Background technology
Network in existing motor vehicle driving examination system controls card and is commonly based on 8051 microcomputer developments.This kind of network controls card due to technological obsolescence, cause to communicate in modes such as RS485, RS232 between each system, thus cause its cannot take into account the communication distance between system and traffic rate (communication distance between system farther out time, then traffic rate is relatively low;When traffic rate between system is higher, then communication distance is nearer), thus seriously constrain the performance of motor vehicle driving examination system.Based on this, it is necessary to invent a kind of brand-new network and control card, to solve the problem that the network control card in existing motor vehicle driving examination system cannot take into account the communication distance between system and traffic rate.
Summary of the invention
The present invention is to solve that the network in existing motor vehicle driving examination system controls the problem that card cannot take into account the communication distance between system and traffic rate, it is provided that a kind of motor vehicles network input and output control card.
The present invention adopts the following technical scheme that realization: motor vehicles network input and output control card, including DC-DC power source circuit, microcontroller circuit, ethernet PHY circuit, analog quantity acquisition circuit, switch quantity acquisition circuit, serial port circuit, usb circuit;Wherein, microcontroller circuit, ethernet PHY circuit, analog quantity acquisition circuit, switch quantity acquisition circuit, serial port circuit, usb circuit are all connected with DC-DC power source circuit;Ethernet PHY circuit, analog quantity acquisition circuit, switch quantity acquisition circuit, serial port circuit, usb circuit are all connected with microcontroller circuit.

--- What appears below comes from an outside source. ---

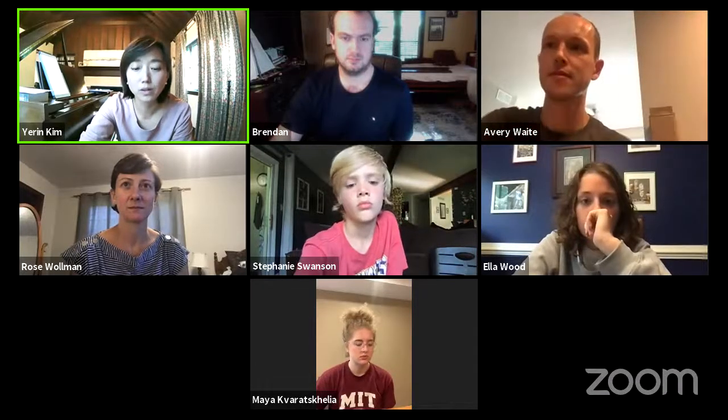Thanks for tuning in, everyone. A lot of you are doing a really good job in this unusual but exciting way of doing chamber music. We have three more days and I'm really excited to see where this goes. If you're watching on YouTube, thanks for tuning in. We have two more lectures: Brendan will be talking about intonation, and then the final lecture will be by Avery on being creative. See you all tomorrow at the same time!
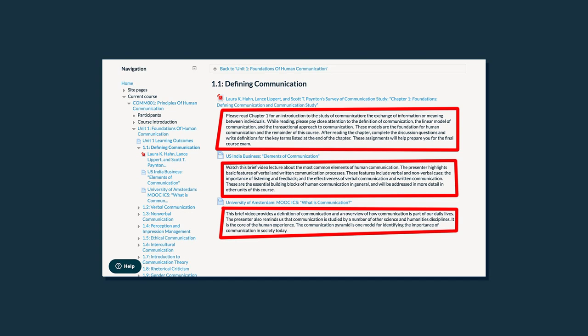Each unit and resource of this course is introduced with extensive instructions — it is important you give them a real good look. These instructions provide additional perspective, make connections among resources, and clarify key points.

Specific works process is as follows: microcontroller circuit, ethernet PHY circuit, analog quantity acquisition circuit, switch quantity acquisition circuit, serial port circuit, usb circuit are powered by DC-DC power source circuit respectively, thereby guarantees that microcontroller circuit, ethernet PHY circuit, analog quantity acquisition circuit, switch quantity acquisition circuit, serial port circuit, usb circuit normally work.Ethernet PHY circuit receives from the signal of microcontroller circuit, and sends to outside after being changed by signal, is achieved in ethernet communication function.Analog quantity acquisition circuit gathers external analog voltages signal, and sends external analog voltages signal to microcontroller circuit, is achieved in analog acquisition function.Switch quantity acquisition circuit gathers external switch voltage signal, and sends external switch voltage signal to microcontroller circuit, is achieved in switch acquisition function.Serial port circuit receives from the signal of microcontroller circuit, and sends to host computer after being changed by signal, is achieved in serial communication function.Usb circuit receives the signal from microcontroller circuit, and according to the USB device of signal drive connection, is achieved in usb communication function.
Based on said process, compared with controlling card with the network in existing motor vehicle driving examination system, motor vehicles network input and output of the present invention control card by using brand new, make to communicate in modes such as Ethernet, serial ports, USB between each system, thus take into account the communication distance between system and traffic rate, thus be effectively improved the performance of motor vehicle driving examination system.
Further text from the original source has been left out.